Either altered relaxation or impaired compliance of the LV can lead to DiastHF by active or passive mechanisms, respectively. The active or relaxation phase of diastole is adversely affected by myocardial ischemia or sepsis, while the passive or late phase is influenced by myocardial remodeling caused by LV hypertrophy and fibrosis.[10] The increase in LVEDP for a certain LVEDV is depicted by shifting the pressure-volume loop to the left and upward. The characteristic features of the LV in DiastHF are thickened, stiffened, small cavities, and consequently reduced CO. Both myocardial contraction and relaxation (corresponding to systole and diastole, respectively) are energy-dependent processes. Myocardial ischemia has a detrimental effect on them, causing worsening of the diastolic dysfunction.

CLINICAL MANIFESTATIONS

The clinical features of HF comprise breathlessness, bendopnea, orthopnea, nocturnal angina, and easy fatigability. Physical examination may reveal fine pulmonary crackles, diminished breath sounds, tachypnea, hypoxia, tachycardia, S3 gallop, swelling of feet, hydroperitoneum, enlarged liver, distension of jugular veins, hepatojugular reflux, delayed capillary refill, a laterally displaced apical impulse, and cold extremities.

DIAGNOSTIC EVALUATION

HF is diagnosed based on history, physical evaluation, electrocardiogram (ECG), and chest radiograph. A three-generation family history may be helpful to rule out cardiomyopathy. To diagnose HF, the following tests are recommended: Complete blood count, white blood cell count, serum electrolytes, renal function tests, liver function tests, glucose, glycosylated hemoglobin, fasting lipid panel, iron studies, and thyroid profile. A 12-lead ECG can exclude suspected myocardial injury, significant arrhythmia, or structural heart disease. In the presence of an abnormal ECG, measurement of natriuretic peptide (NP) levels should be done.

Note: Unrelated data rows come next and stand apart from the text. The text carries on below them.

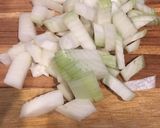 Foto del paso 1 de la receta: Hongos salteados a la Indonesa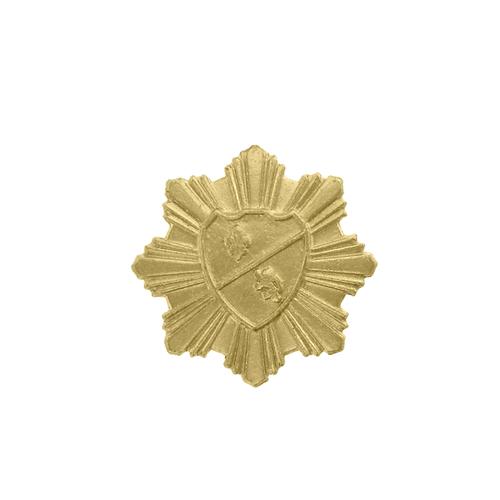 Crests/Medal - Item # SG255 - Salvadore Tool & Findings, Inc.
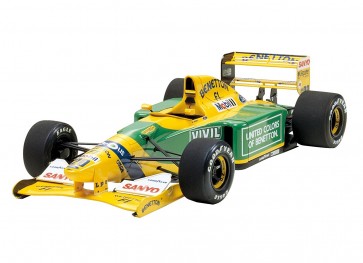 TAMIYA 1/20 Benetton Ford B192, TAM20036, by TAMIYA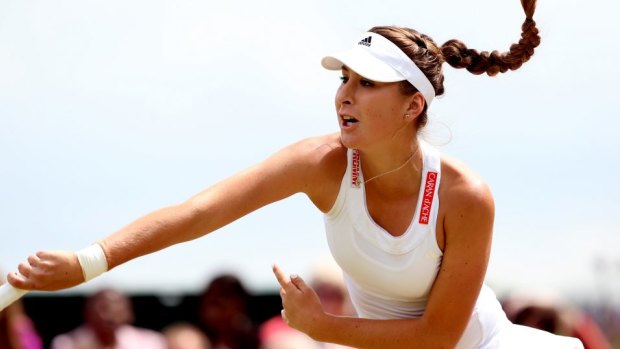 Wimbledon women being forced to play BRA-LESS due to dress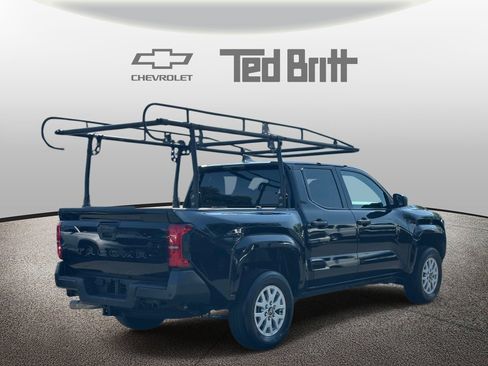 Used 2025 Toyota Tacoma SR w/ SR Upgrade Package RWD image 4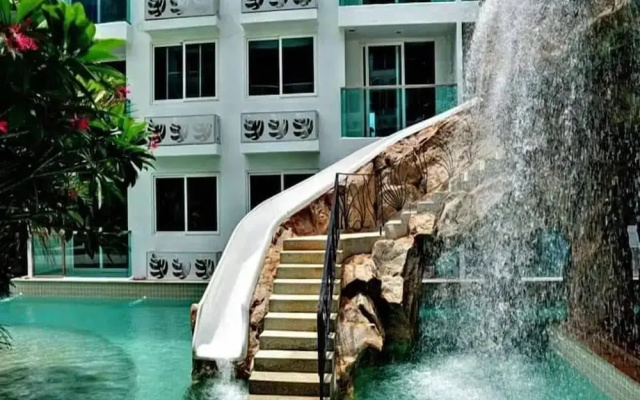 Amazon Residence Jomtien Pattaya By New
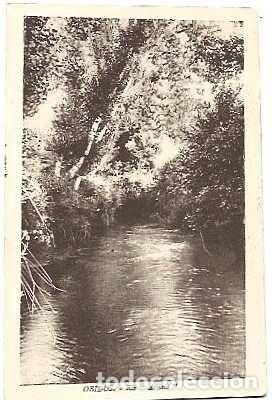 Postales: Portugal & Postal, Obidos, Rio Arnoia, Lisboa 1937 (3882)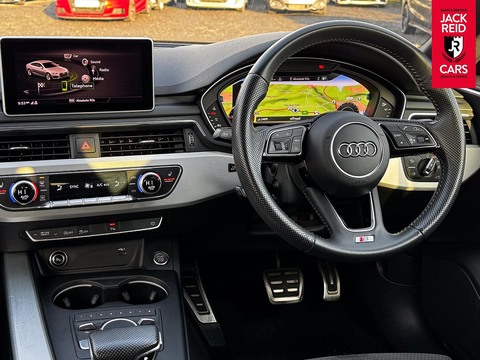 2.0 TDI 40 S line Sportback 5dr Diesel S Tronic Euro 6 (s/s) (190 ps)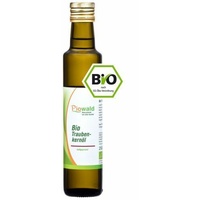 BIO Traubenkernöl - 250 ml kaltgepresst (67,80 €/1 Liter)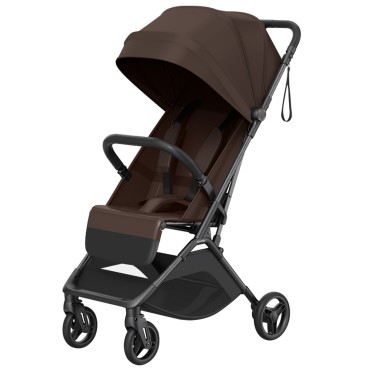 Коляска прогулочная Carrello Solo цвет: Vintage Brown CRL- 5531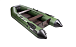  Лодка АКВА 3200 слань-книжка киль в Пятигорске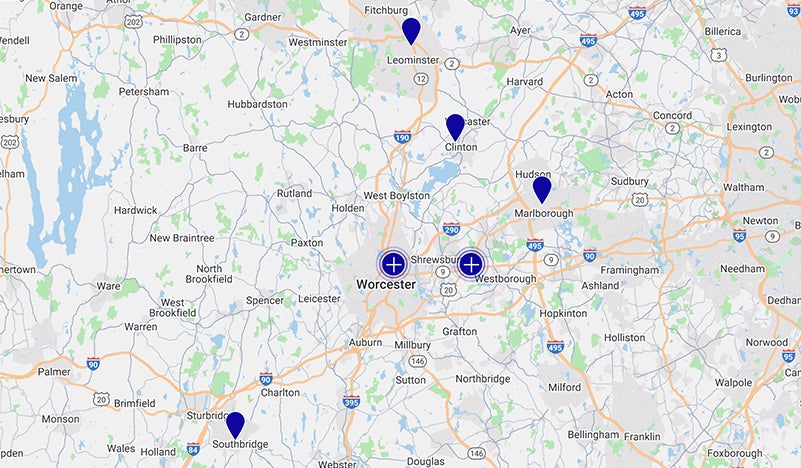 Find a location near you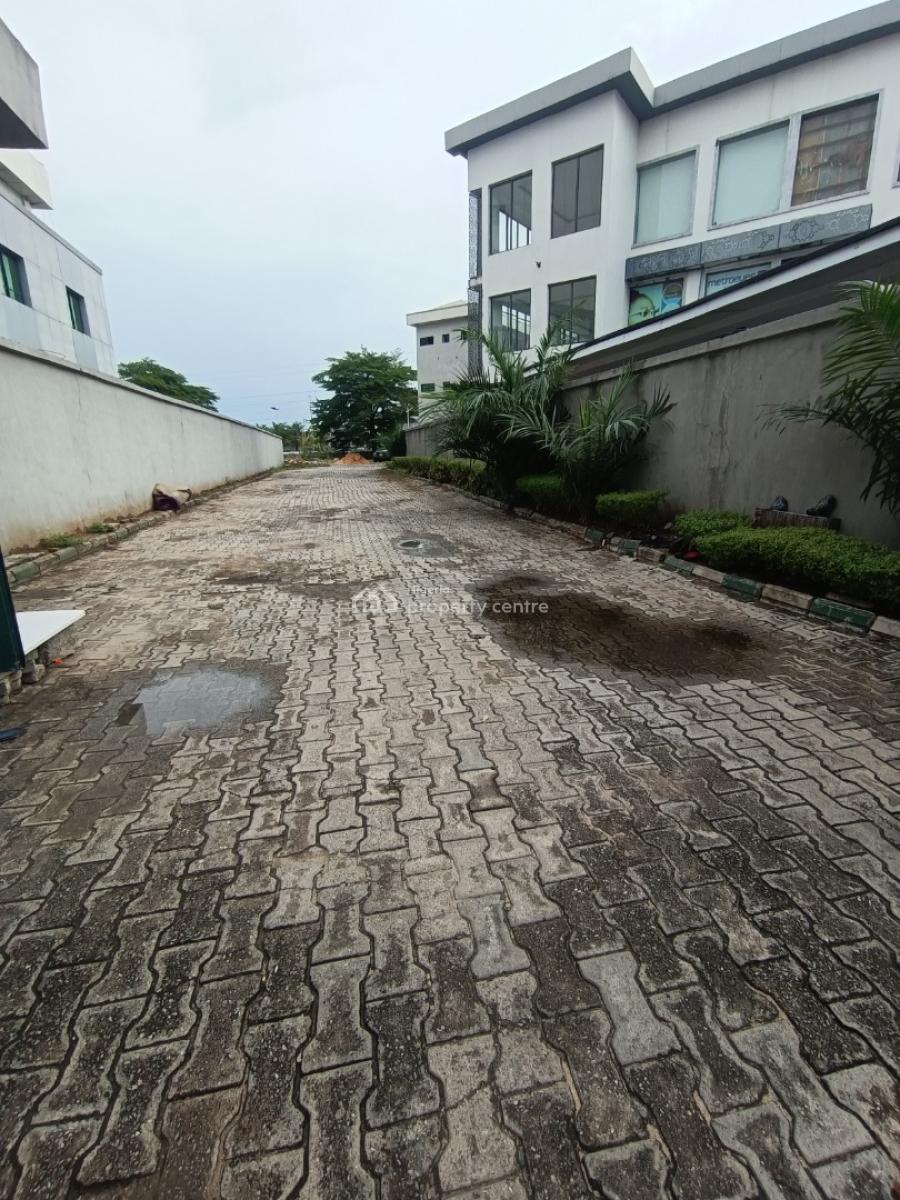 Mixed-use Land at Standard Alliance Building, Standard Alliance Building, Plot 1, Block 94 Providence Street, Lekki Phase 1, Lekki, Lagos, Office Space for Sale
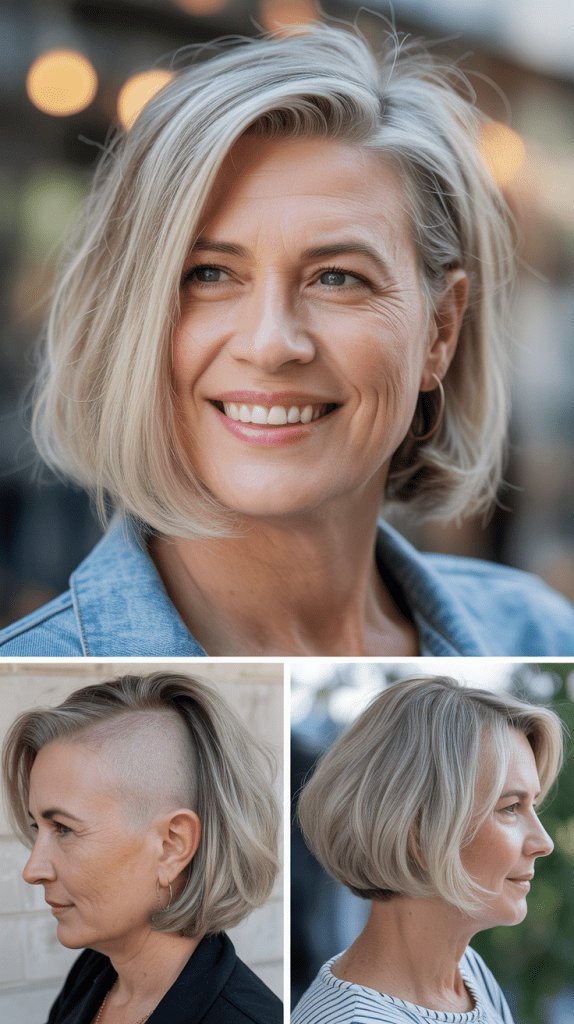 Chic Bob, Mature Women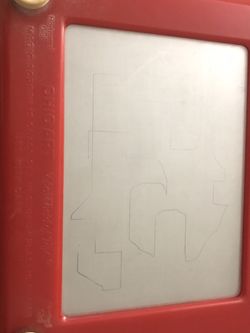 Etch-a-Sketch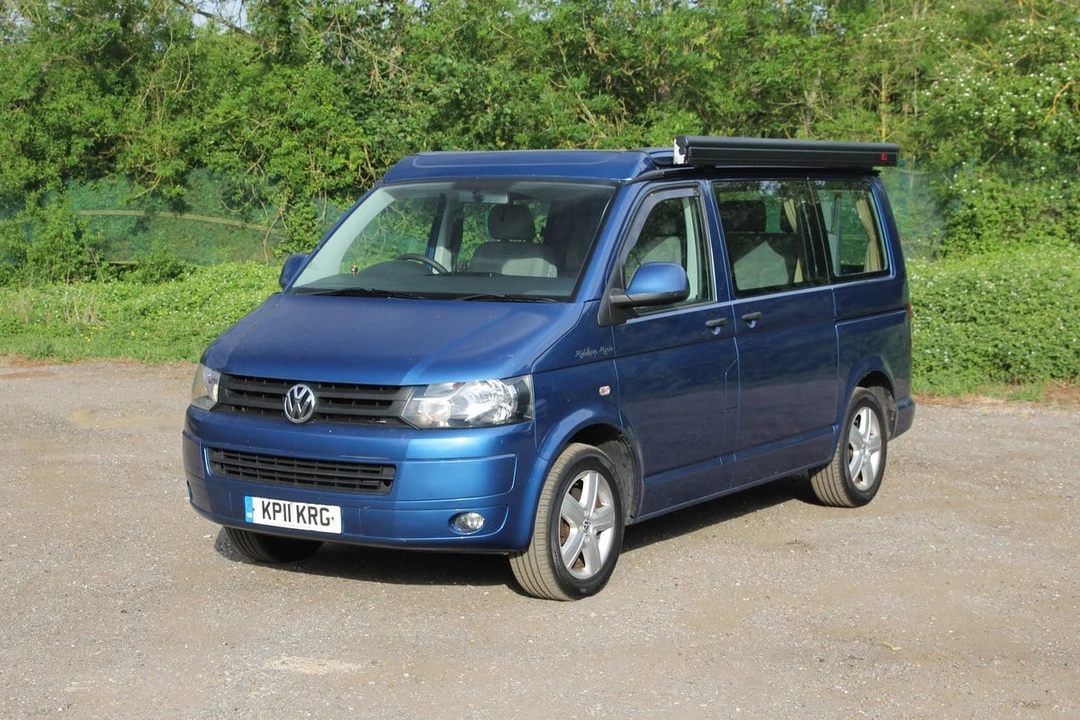 2011 Volkswagen EuroVan - Image 17 of 30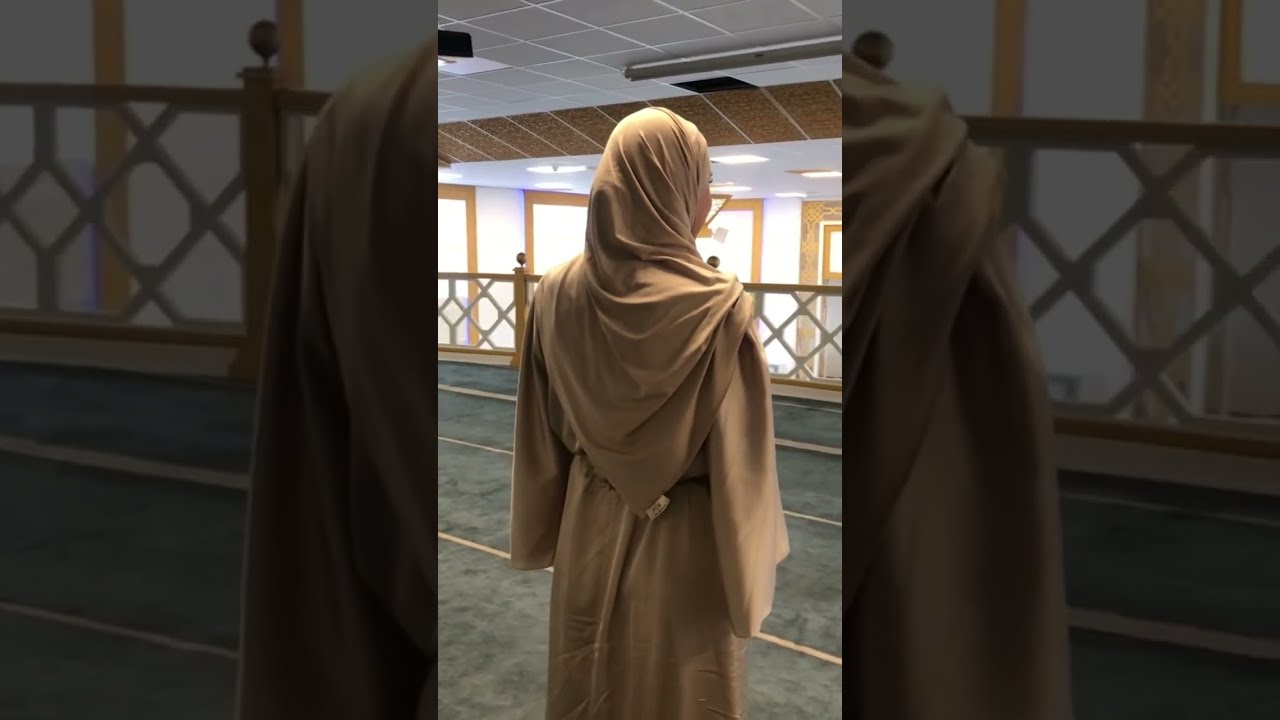 Sister Taking Her Shahada Reverting To Islam Shorts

The higher sensitivity and lower specificity of plasma NP levels help exclude the diagnosis of HF. For B-type NP (BNP) and N-terminal-proBNP, the reported upper limits of normal are 35 pg/mL and 125 pg/mL, respectively.[11] These threshold limits apply identically to both SysHF and DiastHF, although lower values are observed in DiastHF patients compared to SysHF.[7] Newer biomarkers, such as galectin-3, may help in the prognostication of HF. Chest radiographic findings could be cardiomegaly, alveolar edema, pleural effusions, pulmonary congestion, or engorged peripheral lymphatics.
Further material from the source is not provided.